[INFORMATION SUPPLIED]:
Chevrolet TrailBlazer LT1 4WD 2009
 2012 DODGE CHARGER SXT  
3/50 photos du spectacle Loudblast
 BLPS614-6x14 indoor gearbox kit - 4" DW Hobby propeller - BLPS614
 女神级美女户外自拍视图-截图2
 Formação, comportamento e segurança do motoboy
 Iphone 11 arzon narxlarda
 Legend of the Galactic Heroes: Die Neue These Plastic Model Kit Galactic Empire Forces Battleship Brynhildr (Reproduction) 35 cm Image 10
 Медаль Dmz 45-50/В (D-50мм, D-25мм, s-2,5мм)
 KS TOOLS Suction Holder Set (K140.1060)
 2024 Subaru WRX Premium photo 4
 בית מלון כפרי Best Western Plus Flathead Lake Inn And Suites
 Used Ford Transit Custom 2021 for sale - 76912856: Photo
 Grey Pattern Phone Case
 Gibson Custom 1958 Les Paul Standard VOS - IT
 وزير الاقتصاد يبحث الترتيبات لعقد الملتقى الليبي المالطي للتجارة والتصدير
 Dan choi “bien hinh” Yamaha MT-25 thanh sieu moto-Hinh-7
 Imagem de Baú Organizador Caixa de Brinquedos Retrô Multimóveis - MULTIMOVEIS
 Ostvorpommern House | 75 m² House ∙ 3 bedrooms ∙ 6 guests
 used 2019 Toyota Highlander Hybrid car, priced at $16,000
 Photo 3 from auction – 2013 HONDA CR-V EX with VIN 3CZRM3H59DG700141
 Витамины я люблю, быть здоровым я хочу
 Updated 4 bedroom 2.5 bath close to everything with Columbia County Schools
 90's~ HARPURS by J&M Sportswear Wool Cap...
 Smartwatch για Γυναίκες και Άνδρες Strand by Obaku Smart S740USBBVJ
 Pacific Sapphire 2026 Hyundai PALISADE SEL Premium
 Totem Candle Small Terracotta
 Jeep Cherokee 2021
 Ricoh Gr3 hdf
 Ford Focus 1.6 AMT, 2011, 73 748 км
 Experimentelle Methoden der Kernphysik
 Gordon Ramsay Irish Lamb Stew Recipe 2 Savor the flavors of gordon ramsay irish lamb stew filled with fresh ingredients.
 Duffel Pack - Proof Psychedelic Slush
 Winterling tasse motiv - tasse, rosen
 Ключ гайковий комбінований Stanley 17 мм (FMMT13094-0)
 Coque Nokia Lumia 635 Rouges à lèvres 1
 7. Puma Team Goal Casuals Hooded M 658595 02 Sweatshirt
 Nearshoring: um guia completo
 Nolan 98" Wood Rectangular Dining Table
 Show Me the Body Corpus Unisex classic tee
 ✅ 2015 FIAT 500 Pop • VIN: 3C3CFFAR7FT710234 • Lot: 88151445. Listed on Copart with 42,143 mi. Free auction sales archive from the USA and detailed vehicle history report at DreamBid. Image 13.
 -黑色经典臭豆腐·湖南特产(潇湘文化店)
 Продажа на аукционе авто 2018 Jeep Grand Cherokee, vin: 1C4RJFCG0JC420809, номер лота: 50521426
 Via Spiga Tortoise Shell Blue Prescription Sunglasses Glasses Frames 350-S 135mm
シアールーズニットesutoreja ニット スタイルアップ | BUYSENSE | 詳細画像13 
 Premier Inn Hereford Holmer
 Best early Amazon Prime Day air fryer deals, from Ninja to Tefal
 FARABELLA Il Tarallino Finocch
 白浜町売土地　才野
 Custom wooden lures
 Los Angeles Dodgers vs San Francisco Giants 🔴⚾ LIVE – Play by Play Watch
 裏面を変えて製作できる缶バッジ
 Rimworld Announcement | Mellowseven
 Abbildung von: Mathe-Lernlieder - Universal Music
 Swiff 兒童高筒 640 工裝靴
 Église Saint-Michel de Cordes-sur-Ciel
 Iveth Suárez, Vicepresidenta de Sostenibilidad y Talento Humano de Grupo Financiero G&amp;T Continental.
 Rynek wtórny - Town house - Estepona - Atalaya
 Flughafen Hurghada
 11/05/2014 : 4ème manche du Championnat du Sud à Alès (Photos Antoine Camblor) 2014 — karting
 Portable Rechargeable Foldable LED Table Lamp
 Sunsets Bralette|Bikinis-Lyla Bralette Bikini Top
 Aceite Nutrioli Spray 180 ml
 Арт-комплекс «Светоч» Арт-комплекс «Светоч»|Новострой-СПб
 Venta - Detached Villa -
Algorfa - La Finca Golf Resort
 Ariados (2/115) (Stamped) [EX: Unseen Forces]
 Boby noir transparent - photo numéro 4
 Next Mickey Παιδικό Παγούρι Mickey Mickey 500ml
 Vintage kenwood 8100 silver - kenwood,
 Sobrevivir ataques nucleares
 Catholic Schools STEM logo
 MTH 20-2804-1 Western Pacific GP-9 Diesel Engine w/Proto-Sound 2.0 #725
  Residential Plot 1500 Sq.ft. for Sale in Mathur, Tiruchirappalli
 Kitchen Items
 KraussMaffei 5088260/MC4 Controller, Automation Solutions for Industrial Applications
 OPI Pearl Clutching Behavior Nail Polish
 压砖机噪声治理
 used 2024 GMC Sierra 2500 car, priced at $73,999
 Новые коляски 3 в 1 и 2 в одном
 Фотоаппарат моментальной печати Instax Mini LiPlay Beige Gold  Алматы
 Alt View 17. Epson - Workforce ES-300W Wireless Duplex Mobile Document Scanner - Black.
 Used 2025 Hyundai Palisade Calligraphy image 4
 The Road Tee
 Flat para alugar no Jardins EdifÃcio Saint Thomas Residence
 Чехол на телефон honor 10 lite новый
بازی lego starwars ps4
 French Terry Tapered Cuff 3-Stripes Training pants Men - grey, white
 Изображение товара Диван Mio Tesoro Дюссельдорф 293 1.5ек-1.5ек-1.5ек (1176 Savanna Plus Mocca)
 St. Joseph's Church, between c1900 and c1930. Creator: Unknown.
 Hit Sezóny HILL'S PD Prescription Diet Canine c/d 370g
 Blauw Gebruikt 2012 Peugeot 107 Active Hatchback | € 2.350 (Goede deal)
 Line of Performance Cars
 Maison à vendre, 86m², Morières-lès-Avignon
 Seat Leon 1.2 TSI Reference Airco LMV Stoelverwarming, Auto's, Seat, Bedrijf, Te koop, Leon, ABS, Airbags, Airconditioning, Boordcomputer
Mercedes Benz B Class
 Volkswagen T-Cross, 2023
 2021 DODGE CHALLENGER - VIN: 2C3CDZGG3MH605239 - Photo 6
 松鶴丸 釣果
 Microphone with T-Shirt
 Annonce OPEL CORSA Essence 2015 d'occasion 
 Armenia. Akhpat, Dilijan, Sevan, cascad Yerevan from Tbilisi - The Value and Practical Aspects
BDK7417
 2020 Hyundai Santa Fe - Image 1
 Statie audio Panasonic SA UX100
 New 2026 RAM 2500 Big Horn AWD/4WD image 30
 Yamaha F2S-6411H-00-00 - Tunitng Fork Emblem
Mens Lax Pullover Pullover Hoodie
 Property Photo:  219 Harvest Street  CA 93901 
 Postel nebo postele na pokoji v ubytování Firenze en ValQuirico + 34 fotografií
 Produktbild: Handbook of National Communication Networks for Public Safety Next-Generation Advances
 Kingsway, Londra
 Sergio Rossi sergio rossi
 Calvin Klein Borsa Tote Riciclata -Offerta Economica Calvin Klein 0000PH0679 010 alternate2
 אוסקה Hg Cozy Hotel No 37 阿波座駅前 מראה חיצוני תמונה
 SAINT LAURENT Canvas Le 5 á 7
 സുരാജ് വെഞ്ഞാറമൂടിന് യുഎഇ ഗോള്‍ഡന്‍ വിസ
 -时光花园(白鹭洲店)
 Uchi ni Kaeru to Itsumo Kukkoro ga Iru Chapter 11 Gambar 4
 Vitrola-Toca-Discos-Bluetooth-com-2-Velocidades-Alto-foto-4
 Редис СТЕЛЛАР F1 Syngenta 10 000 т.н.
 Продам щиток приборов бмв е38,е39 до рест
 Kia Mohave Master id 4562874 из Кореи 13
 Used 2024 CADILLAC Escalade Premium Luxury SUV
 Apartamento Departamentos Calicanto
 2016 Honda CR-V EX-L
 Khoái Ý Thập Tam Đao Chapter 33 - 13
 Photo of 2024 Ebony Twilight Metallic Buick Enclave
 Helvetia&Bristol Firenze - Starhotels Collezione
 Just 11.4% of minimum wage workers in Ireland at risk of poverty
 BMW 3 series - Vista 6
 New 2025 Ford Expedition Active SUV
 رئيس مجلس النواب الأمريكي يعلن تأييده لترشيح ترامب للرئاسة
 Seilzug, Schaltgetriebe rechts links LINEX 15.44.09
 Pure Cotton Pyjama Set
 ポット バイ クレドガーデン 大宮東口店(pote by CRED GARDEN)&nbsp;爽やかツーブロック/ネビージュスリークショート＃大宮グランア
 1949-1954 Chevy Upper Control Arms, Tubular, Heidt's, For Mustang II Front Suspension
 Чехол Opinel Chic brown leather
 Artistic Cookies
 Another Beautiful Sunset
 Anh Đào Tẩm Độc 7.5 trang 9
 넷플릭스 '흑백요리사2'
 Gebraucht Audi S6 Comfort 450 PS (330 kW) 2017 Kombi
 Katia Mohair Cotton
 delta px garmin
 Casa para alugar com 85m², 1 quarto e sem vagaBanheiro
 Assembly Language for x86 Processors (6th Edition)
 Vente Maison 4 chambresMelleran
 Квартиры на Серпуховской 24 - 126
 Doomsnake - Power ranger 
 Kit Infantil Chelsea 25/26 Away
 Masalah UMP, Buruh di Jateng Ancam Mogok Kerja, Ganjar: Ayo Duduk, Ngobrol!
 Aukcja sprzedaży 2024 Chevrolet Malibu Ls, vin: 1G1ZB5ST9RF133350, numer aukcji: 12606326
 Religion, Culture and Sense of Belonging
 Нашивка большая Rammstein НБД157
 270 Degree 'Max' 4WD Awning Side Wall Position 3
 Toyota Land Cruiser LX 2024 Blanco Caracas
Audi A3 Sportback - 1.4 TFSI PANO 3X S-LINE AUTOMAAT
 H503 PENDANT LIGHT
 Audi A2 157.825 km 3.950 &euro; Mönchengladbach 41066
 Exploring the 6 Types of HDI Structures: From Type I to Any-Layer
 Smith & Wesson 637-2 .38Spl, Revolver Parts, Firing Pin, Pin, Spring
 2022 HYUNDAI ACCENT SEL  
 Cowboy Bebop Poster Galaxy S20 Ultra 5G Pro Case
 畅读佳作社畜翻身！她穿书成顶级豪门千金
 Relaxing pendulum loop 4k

[TASK]: An exact copy of the lines above, from the one containing "Kingsway, Londra" through the one containing "Helvetia&Bristol Firenze - Starhotels", is the whole of the answer.

[YOUR RESPONSE]:
 Kingsway, Londra
 Sergio Rossi sergio rossi
 Calvin Klein Borsa Tote Riciclata -Offerta Economica Calvin Klein 0000PH0679 010 alternate2
 אוסקה Hg Cozy Hotel No 37 阿波座駅前 מראה חיצוני תמונה
 SAINT LAURENT Canvas Le 5 á 7
 സുരാജ് വെഞ്ഞാറമൂടിന് യുഎഇ ഗോള്‍ഡന്‍ വിസ
 -时光花园(白鹭洲店)
 Uchi ni Kaeru to Itsumo Kukkoro ga Iru Chapter 11 Gambar 4
 Vitrola-Toca-Discos-Bluetooth-com-2-Velocidades-Alto-foto-4
 Редис СТЕЛЛАР F1 Syngenta 10 000 т.н.
 Продам щиток приборов бмв е38,е39 до рест
 Kia Mohave Master id 4562874 из Кореи 13
 Used 2024 CADILLAC Escalade Premium Luxury SUV
 Apartamento Departamentos Calicanto
 2016 Honda CR-V EX-L
 Khoái Ý Thập Tam Đao Chapter 33 - 13
 Photo of 2024 Ebony Twilight Metallic Buick Enclave
 Helvetia&Bristol Firenze - Starhotels Collezione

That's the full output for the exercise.